Items from a data source
======
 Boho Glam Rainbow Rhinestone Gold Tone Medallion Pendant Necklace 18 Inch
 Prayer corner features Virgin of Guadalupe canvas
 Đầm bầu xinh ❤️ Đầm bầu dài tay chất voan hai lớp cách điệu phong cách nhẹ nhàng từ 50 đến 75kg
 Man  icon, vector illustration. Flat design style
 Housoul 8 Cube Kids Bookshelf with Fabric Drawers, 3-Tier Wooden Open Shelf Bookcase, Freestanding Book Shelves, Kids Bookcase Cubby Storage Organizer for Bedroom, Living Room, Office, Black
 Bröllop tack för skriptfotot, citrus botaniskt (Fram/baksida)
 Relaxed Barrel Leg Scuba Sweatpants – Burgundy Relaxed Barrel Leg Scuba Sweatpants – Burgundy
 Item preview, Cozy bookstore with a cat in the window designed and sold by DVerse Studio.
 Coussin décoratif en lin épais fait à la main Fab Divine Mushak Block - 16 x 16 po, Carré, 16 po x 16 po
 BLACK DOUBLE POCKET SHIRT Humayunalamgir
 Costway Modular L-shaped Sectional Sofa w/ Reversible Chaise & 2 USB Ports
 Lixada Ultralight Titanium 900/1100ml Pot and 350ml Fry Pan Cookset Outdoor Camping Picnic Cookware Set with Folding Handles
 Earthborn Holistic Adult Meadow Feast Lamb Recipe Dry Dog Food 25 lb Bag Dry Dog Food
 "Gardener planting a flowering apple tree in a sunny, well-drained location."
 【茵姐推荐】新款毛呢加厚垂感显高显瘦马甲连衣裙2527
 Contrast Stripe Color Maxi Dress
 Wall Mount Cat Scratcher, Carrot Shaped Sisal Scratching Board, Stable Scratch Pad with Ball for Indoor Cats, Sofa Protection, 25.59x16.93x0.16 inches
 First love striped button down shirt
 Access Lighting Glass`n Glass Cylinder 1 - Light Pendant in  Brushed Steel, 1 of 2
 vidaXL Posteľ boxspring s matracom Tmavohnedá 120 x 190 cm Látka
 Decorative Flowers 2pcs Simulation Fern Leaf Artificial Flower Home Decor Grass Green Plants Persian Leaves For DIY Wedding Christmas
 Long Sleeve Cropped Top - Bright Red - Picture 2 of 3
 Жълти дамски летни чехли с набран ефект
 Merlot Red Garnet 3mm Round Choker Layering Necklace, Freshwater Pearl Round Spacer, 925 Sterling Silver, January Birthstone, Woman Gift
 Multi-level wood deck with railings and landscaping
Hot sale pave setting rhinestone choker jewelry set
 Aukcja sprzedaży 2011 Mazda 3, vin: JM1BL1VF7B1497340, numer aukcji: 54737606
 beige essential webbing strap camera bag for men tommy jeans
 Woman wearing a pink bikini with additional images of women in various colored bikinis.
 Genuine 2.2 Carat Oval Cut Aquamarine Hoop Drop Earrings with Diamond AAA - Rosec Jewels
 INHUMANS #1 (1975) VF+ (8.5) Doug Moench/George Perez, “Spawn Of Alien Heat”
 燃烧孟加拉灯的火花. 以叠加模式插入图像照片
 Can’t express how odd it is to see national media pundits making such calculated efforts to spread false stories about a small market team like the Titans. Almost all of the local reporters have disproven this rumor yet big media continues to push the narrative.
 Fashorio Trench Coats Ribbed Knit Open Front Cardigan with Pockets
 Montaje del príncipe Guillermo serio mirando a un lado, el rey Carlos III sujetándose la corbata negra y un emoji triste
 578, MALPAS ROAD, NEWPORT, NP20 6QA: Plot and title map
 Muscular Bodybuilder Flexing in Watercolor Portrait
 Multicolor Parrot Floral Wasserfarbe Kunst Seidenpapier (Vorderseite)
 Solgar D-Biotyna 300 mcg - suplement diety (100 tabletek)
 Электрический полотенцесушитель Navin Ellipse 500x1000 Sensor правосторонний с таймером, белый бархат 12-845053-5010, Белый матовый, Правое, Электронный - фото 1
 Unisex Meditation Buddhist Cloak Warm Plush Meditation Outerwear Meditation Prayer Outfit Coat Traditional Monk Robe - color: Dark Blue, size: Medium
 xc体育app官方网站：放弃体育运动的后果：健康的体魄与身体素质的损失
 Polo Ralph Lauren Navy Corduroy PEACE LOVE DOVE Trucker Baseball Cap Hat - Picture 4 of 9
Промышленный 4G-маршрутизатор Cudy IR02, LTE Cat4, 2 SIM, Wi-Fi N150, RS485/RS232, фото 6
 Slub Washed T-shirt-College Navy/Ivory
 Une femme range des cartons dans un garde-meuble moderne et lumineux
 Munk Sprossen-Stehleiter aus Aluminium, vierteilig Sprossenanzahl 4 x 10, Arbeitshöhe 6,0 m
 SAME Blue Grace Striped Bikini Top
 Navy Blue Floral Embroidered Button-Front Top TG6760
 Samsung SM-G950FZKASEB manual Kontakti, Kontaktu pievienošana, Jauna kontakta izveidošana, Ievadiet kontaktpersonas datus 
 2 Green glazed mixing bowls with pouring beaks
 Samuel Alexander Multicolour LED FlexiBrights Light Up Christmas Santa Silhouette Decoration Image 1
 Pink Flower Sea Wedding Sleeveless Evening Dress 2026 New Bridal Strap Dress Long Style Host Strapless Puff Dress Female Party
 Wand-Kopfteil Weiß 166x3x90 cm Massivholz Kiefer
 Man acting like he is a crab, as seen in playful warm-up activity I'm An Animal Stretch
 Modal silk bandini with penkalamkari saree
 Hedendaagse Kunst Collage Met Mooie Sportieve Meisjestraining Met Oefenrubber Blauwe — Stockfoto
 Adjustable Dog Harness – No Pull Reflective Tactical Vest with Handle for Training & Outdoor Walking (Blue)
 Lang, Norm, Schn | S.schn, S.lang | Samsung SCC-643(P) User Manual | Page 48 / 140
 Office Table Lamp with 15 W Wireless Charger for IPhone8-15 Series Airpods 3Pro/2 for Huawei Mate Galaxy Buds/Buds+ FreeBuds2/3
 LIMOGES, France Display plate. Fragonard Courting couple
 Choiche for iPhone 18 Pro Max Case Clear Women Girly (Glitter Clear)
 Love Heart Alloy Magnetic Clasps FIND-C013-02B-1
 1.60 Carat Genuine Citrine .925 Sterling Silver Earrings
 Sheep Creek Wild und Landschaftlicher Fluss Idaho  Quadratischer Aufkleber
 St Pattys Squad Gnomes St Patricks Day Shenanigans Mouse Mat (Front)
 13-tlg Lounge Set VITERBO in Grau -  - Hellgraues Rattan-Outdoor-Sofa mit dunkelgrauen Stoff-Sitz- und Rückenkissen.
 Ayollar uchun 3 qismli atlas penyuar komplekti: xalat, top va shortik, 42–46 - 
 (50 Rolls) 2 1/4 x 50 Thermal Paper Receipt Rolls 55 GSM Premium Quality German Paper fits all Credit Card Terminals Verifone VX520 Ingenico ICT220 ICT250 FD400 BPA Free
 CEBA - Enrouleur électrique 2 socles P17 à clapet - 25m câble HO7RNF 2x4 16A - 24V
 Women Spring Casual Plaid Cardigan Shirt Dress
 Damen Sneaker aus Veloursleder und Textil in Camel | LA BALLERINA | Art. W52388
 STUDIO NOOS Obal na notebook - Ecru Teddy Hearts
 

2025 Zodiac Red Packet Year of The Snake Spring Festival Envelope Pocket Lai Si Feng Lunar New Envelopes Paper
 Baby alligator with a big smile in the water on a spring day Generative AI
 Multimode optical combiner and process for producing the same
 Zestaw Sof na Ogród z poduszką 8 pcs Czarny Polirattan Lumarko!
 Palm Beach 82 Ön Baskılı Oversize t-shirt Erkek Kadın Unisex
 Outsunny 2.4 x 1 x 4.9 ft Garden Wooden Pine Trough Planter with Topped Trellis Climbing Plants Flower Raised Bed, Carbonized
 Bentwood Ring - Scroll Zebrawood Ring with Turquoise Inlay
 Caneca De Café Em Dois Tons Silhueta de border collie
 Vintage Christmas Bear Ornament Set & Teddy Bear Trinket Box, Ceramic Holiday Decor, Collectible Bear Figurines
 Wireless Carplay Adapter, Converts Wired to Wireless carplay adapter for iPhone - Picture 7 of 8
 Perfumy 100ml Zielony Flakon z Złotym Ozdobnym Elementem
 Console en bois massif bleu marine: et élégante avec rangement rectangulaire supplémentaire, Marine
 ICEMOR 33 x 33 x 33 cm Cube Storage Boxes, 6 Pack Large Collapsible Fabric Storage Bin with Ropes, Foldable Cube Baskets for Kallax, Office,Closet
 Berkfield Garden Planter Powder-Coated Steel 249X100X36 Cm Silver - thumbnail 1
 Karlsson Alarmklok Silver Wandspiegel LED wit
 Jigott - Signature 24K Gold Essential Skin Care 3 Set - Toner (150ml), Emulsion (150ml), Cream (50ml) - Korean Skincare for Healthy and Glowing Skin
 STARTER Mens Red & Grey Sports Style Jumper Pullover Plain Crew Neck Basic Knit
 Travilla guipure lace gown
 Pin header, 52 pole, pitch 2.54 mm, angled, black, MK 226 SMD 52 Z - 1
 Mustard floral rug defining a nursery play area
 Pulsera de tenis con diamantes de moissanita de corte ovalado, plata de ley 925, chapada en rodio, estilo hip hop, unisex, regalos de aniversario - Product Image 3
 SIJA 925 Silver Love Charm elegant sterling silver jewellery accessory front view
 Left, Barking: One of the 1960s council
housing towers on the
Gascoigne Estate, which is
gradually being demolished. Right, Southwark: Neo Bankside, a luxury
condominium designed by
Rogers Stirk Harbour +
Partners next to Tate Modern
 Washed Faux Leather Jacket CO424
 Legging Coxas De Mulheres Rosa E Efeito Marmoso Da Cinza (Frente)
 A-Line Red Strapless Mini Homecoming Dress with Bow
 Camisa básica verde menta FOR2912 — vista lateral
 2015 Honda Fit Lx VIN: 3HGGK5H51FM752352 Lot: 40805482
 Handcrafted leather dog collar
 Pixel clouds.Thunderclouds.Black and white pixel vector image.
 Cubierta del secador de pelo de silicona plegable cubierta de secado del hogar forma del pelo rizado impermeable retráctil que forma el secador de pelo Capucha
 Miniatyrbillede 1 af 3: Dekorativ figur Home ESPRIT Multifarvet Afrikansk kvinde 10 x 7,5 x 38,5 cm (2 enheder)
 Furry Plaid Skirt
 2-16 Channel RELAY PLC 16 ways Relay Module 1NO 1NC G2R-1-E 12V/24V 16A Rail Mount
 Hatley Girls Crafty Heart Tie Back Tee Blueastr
======
▶ WHAT IS REQUIRED
Please copy the lines in the records above between the one holding "Earthborn Holistic Adult" and the one holding "Decorative Flowers 2pcs", inclusive, exactly and with no other line.

▶ ANSWER FOR THIS EXERCISE
 Earthborn Holistic Adult Meadow Feast Lamb Recipe Dry Dog Food 25 lb Bag Dry Dog Food
 "Gardener planting a flowering apple tree in a sunny, well-drained location."
 【茵姐推荐】新款毛呢加厚垂感显高显瘦马甲连衣裙2527
 Contrast Stripe Color Maxi Dress
 Wall Mount Cat Scratcher, Carrot Shaped Sisal Scratching Board, Stable Scratch Pad with Ball for Indoor Cats, Sofa Protection, 25.59x16.93x0.16 inches
 First love striped button down shirt
 Access Lighting Glass`n Glass Cylinder 1 - Light Pendant in  Brushed Steel, 1 of 2
 vidaXL Posteľ boxspring s matracom Tmavohnedá 120 x 190 cm Látka
 Decorative Flowers 2pcs Simulation Fern Leaf Artificial Flower Home Decor Grass Green Plants Persian Leaves For DIY Wedding Christmas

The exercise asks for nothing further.